Celebrating the women championing #DigitALL in their work: Kasweka Malenji, Management Analyst (Digital Transformation), UNDP Zambia

March 8, 2023
UNDP Zambia's Management Analyst, Kasweka Malenji, on IWD 2023

UNDP Zambia's Management Analyst, Kasweka Malenji, celebrating International Women's Day 2023

Image captured by: Vanessa Wematu Akibate/UNDP Zambia

Kasweka Malenji is a Management Analyst at UNDP Zambia, leading the design and implementation of the Country Office’s Digital Transformation. Through her work, she influences the daily processes of the office and promotes SDG 5: to achieve gender equality and empower all women and girls. 

“My enthusiasm to join the field of innovation and technology was sparked by the ability to discover new and innovate ways of doing ‘business as usual’, making day-to-day tasks accessible, interactive, efficient, and agile.”
Kasweka Malenji

This year’s International Women’s Day theme, #DigitALL: Innovation and Technology for Gender Equality, has called for the world to reassess women and girls place in technology and innovation, towards enhancing digital inclusion and empowering women and girls for leadership in technology and digital innovation.
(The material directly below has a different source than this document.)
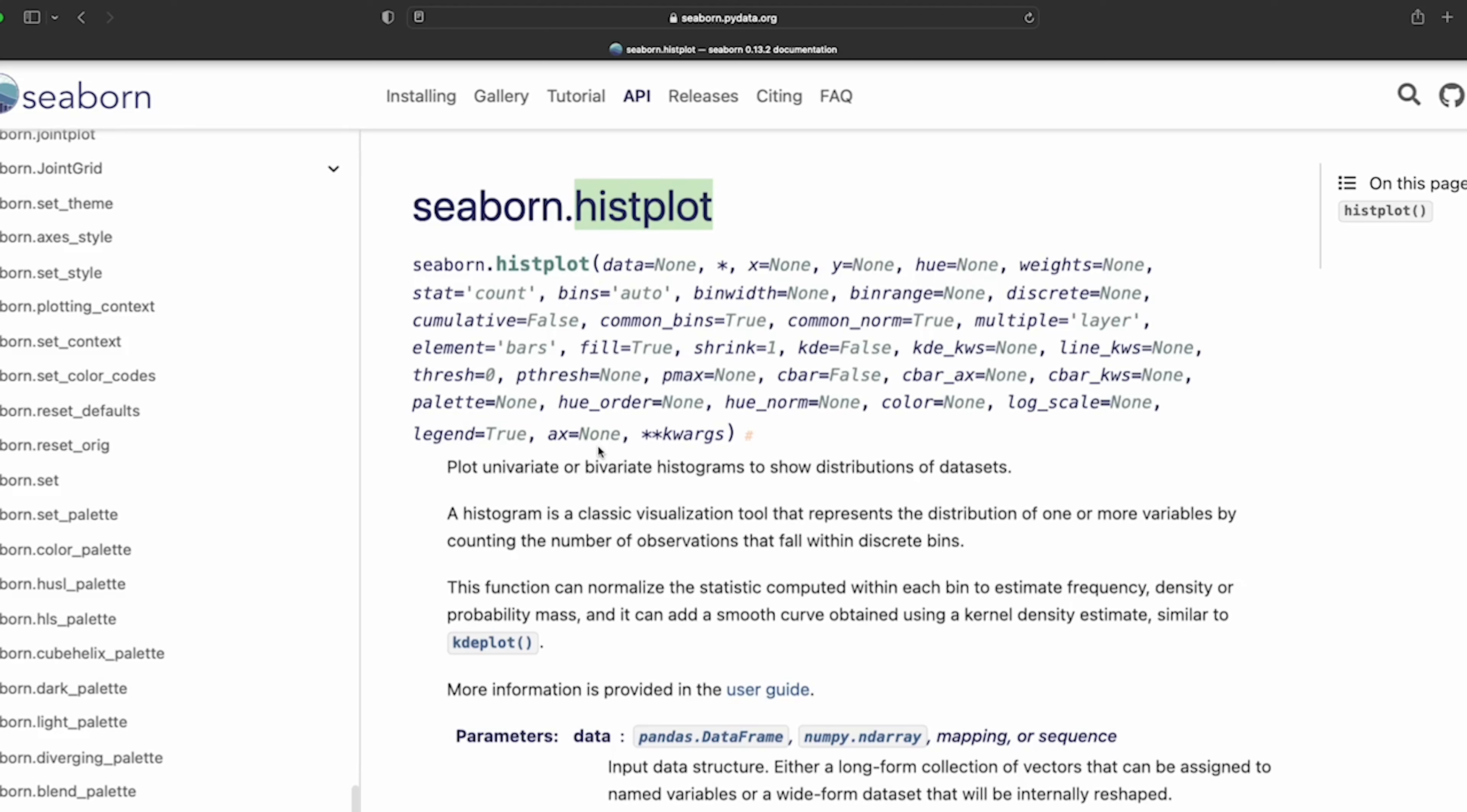Hey guys and welcome to another session on data visuals. Today we're going to be looking at Seaborn's hist plot or histogram. It's a really nice way to show distributions within data sets and those can be univariate, showing a single variable, or show two variables which is called bivariate.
In our work across 170 countries and territories, the UNDP advocates for women and girls to enhance digital inclusion and empower women and girls to lead in digital spaces.
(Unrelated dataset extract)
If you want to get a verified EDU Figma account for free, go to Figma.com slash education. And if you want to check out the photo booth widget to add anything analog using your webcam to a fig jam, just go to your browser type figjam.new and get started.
However, according to UN Women, and Genevieve Smith and Ishita Rustagi for the Stanford Social Innovation Review, a global analysis of 133 AI systems from 1988 to today revealed that 44.2% of AI systems displayed gender bias, with 25.7% of these systems exhibiting both gender and racial biases. These biases filtered into technology contribute to the lower service quality, unequal resource distribution and the reinforcement of harmful stereotypes for women – a consequence that is only compounded for women and girls in Africa that are additionally prone to be affected by racial biases.
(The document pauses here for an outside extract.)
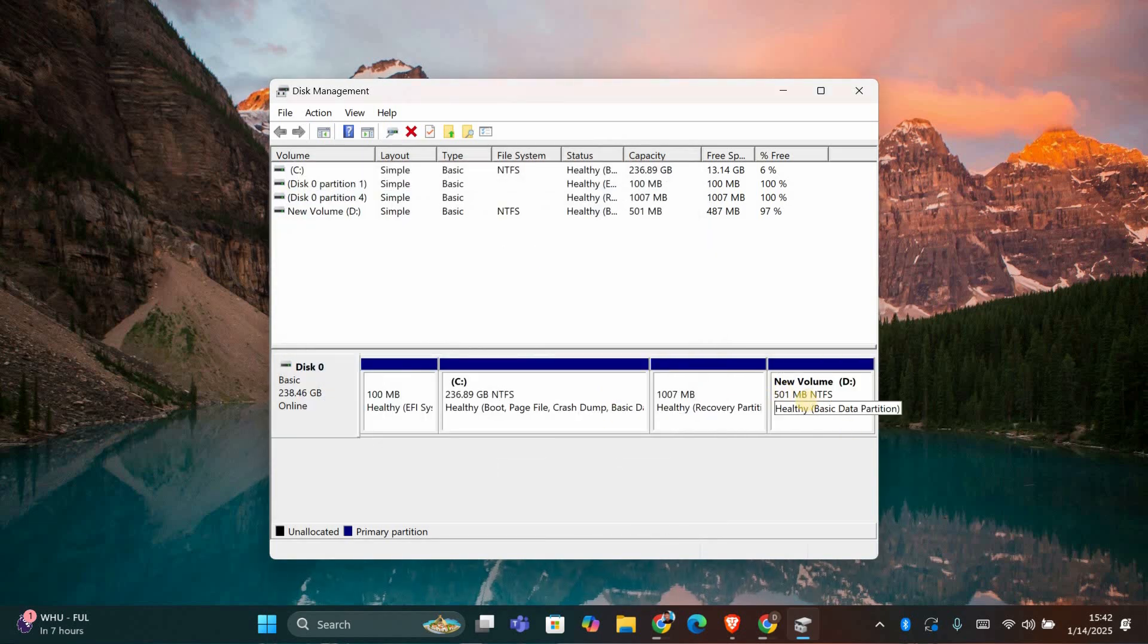Make sure to double-check before shrinking or extending, as these changes can impact your data. If you're resizing your system drive, consider backing up your data first.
With growing inequalities within the technology and digital space, it has become crucial now more than ever to ensure that women are strategically included in the design, creation, and use of digital technologies to close the digital divide. Through increased women’s representation and participation in the creation, use and regulation of technology, digital tools and services can be used to create safer, more equitable solutions to development problems around the world.

Kasweka demonstrates the power that including women in digital technology has to create solutions that promote gender equality. 

“Recently developed a Gender Seal Platform to track the CO progress towards the attainment of the Gender Equality Seal. “The Gender Equality Seal for UNDP Country Offices promotes an organizational culture of gender equality and incentivizes country offices to meet standards by integrating gender into all aspects of our development work.” The tool has successfully supported the CO to track our implementation towards transformational gender equality results and identify bottlenecks in good time.” – Kasweka recalls.

While her contributions to the digital transformation of the Country Office cannot be understated, her work also showcases how this impact can ripple out into communities in Zambia to impact the lives of beneficiaries in Zambia. Describing what she enjoys about her work at the UNDP Country Office, she adds:

“The best part about working in UNDP, particularly in my job, is the opportunity to profoundly improve the way UNDP delivers to its beneficiaries in Zambia through the design and implementation of systems that contribute to the achievement of cost-efficient and effective services. This includes empowering UNDP women with enhanced digital knowledge and skills, and most importantly working on increasing accessibility to all.”